Nas novas mensagens divulgadas, os procurados colocaram em pauta, algumas vezes, o estado de saúde de Marisa, em grupo chamado filhos do Januário 1.

Após o compartilhamento de uma matéria do G1, no dia 3 de fevereiro, informando o falecimento da ex-primeira-dama, Jerusa comentou: querem que eu fique pro enterro?”.

Em outras mensagens do chat, a procuradora Laura Tesler chegou a dizer que o ex-presidente faria uso político da morte da esposa. “Quem for fazer a próxima audiência do Lula, é bom que vá com uma dose extra de paciência para a sessão de vitimização”, disse.

Já Januário Paludo, aponta suspeitas sobre a morte de Marisa. “A propósito, sempre tive uma pulga atrás da orelha com esse aneurisma. Não me cheirou bem. E a segunda morte em sequência”, concluiu.

Você confere a matéria completa clicando aqui.
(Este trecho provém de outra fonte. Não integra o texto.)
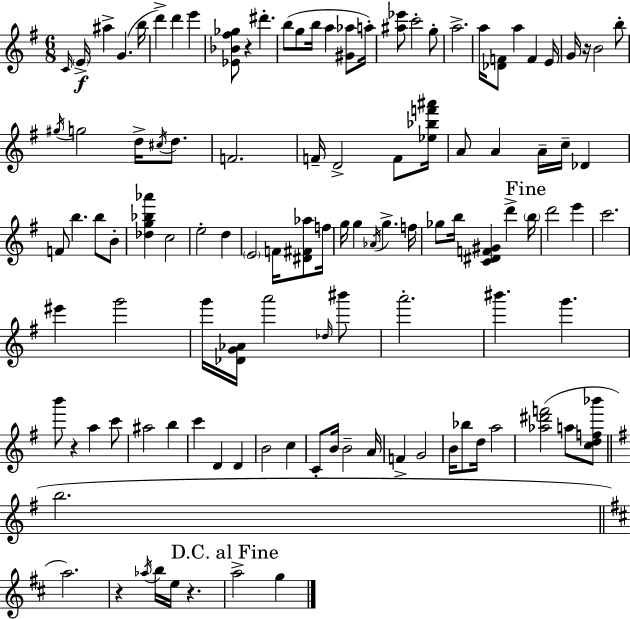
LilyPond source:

Ainda na noite desta terça, Jerusa disse que o fato de desculpar-se pelo ocorrido não autentica o restante do conteúdo. “A existência de mensagens verdadeiras não afasta o fato de que as mensagens são fruto de crime e têm sido descontextualizadas ou deturpadas para fazer falsas acusações”, publicou no Twitter.

Ela acrescentou que os procuradores da Lava Jato “nunca negaram que há mensagens verdadeiras”, pois “foram efetivamente hackeados”. E continuou: “Contudo não é possível saber exatamente o quanto está correto, porque é impossível recordar de detalhes de 1 milhão de mensagens em 5 anos intensos”, conclui.